- [Task item] Begin the copy at the line containing "Todd's Naan Flat" in the data below and end it at the line containing "Image of fresh raspberry and blueberry cake", keeping each line exact and leaving out pictures.

- [Provided data]
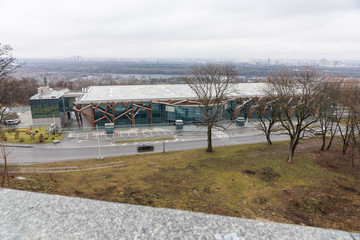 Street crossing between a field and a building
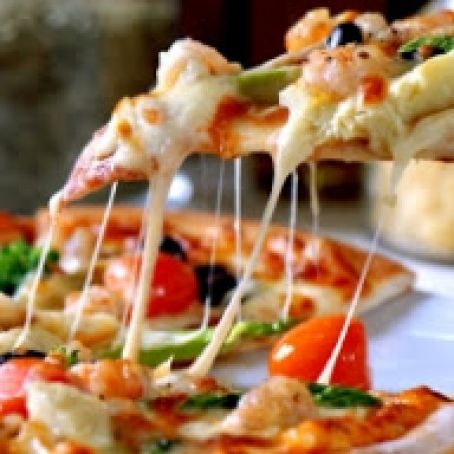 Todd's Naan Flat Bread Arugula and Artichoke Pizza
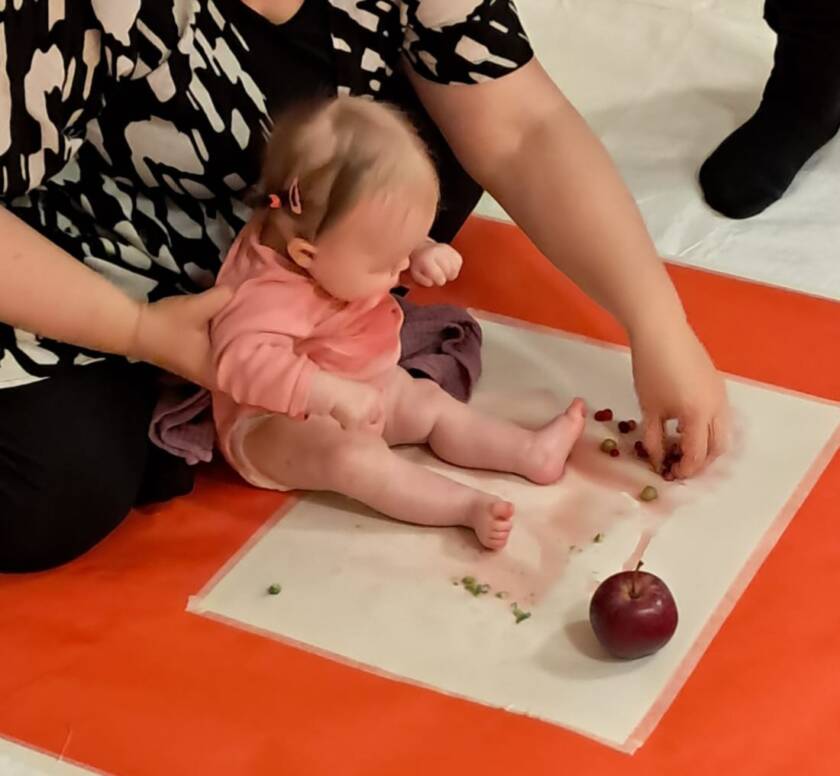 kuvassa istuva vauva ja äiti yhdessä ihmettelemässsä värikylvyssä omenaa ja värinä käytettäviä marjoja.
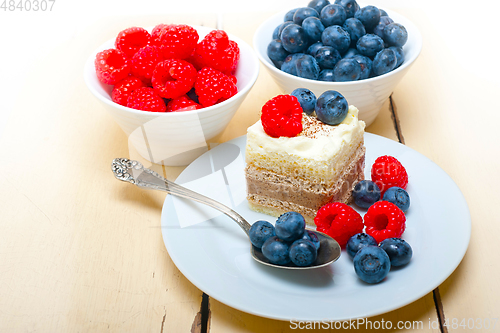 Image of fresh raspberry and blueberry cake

--

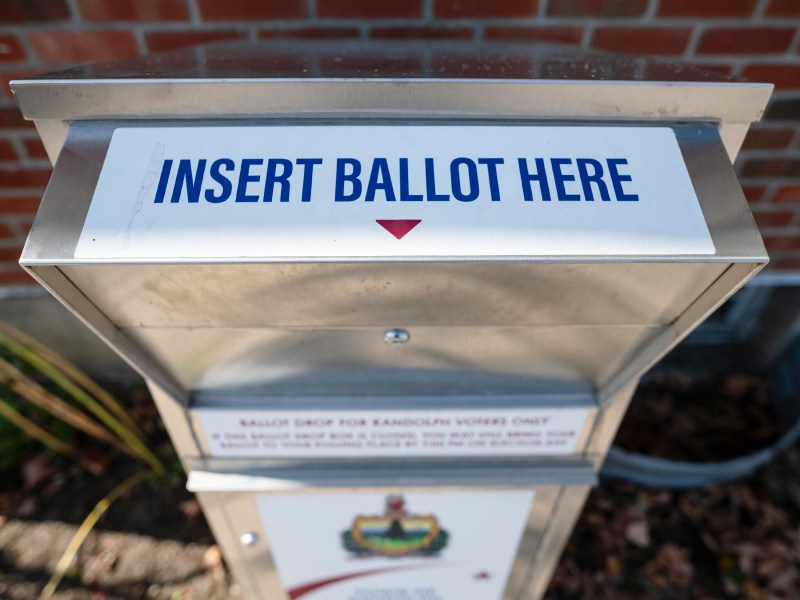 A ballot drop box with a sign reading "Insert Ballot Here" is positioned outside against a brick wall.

- [Response to the task]
 Todd's Naan Flat Bread Arugula and Artichoke Pizza
 kuvassa istuva vauva ja äiti yhdessä ihmettelemässsä värikylvyssä omenaa ja värinä käytettäviä marjoja.
 Image of fresh raspberry and blueberry cake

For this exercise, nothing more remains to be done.